À son avis, la montée en puissance de la CAQ, vers qui plusieurs candidats affluent désormais, pourrait faire perdre au PQ son statut de parti dominant, ce qui constituerait un changement structurel rarissime. Selon le politologue, il faudrait remonter à la création du PQ en 1968 ou à la fondation de l’Union nationale en 1935 pour trouver des comparables dans l’histoire politique du Québec.
Visions opposées
Dans l’immédiat, le PQ préfère se concentrer sur ses propositions, sans évacuer complètement la souveraineté de son discours. « On ne tentera pas d’interpréter les raisons qui amènent des gens vers d’autres formations politiques », répond par courriel l’attachée de presse de l’aile parlementaire du PQ, Valérie Chamula Pellerin, lorsqu’invitée à réagir aux départs récents d’anciens péquistes pour la CAQ. « Cela dit, les candidates et les candidats du Parti québécois sont des gens de conviction. Lors de la campagne électorale, nous allons proposer des solutions crédibles aux Québécois. »
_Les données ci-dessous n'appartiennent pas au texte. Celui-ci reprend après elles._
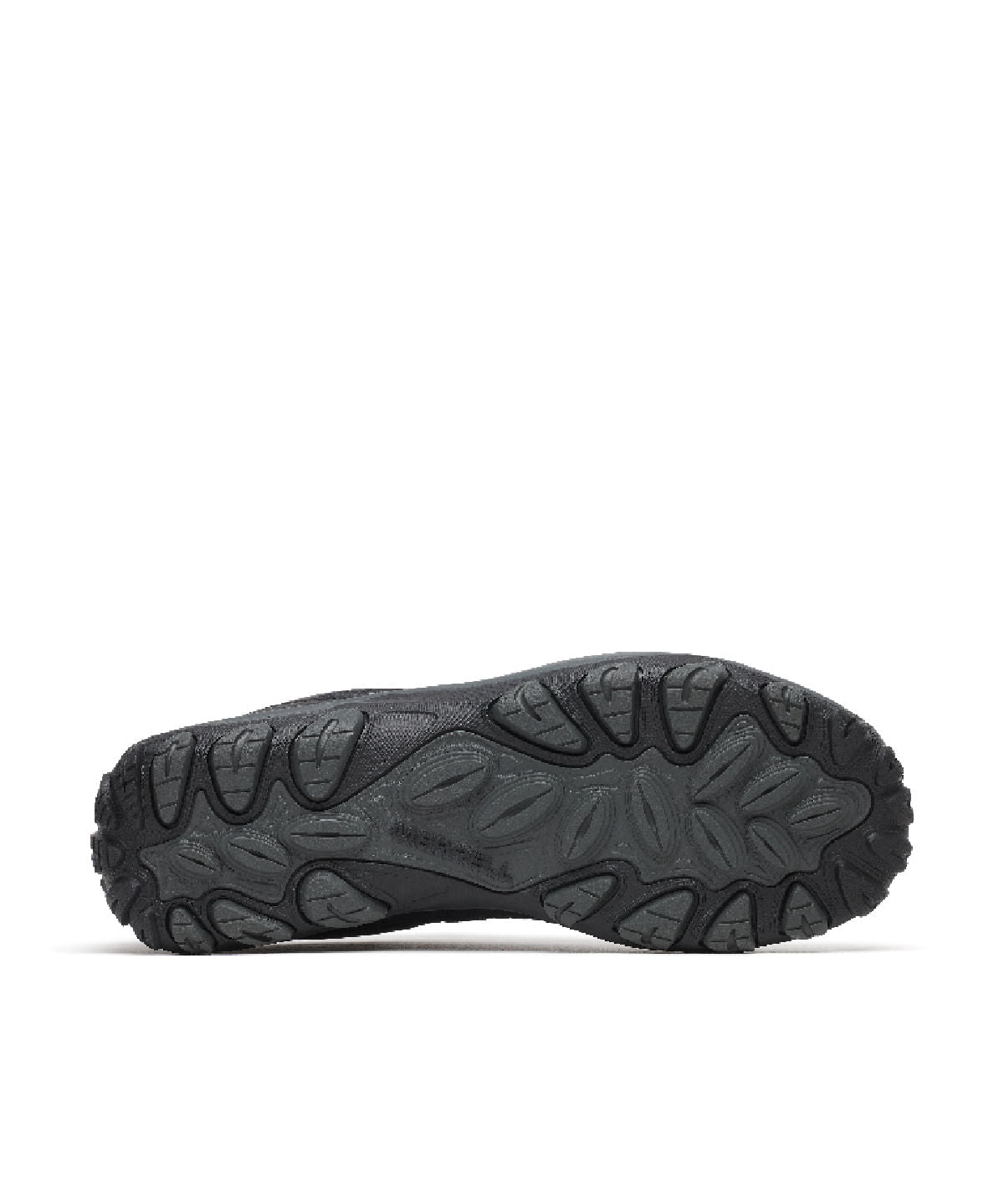 Tenis Hike Crosslander 4 Para Hombre Color Negro 5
« Les souverainistes savent que nous nous sommes engagés à mener le Québec à son indépendance en deux mandats, ajoute-t-elle. François Legault, de son côté, a clairement énoncé son intérêt fédéraliste. Il a même dit que le débat sur la question nationale était clos, alors que cette décision appartient démocratiquement à la population du Québec. Les Québécois feront leur choix ! »
La CAQ, elle, ne voit pas de problème avec le fait d’accueillir des candidats du PQ, souvent qualifié de « vieux parti », alors qu’elle souhaite incarner le changement. « La CAQ existe depuis six ans et demi. La plupart des gens qui y militent ont donc déjà milité dans un autre parti, que ce soit l’ADQ, le PQ, le PLQ ou encore un parti au fédéral », fait valoir le porte-parole Ewan Sauves, en soulignant que la CAQ est une « véritable coalition ».
« Les Québécois ne veulent plus parler de souveraineté, poursuit-il. Ils veulent une équipe qui travaille ensemble pour faire plus et faire mieux pour le Québec d’abord, mais à l’intérieur du Canada. Après 15 années de gouvernement libéral, les électeurs constatent que seule la CAQ répond à leurs vraies préoccupations. »
Selon le professeur Montigny, la CAQ est effectivement une coalition, dont le défi sera de faire preuve de cohésion, malgré la diversité des candidats présents autour de la table. « Si des gens se joignent au parti en ne partageant pas les fondements de cette coalition, il peut y avoir des problèmes », note-t-il.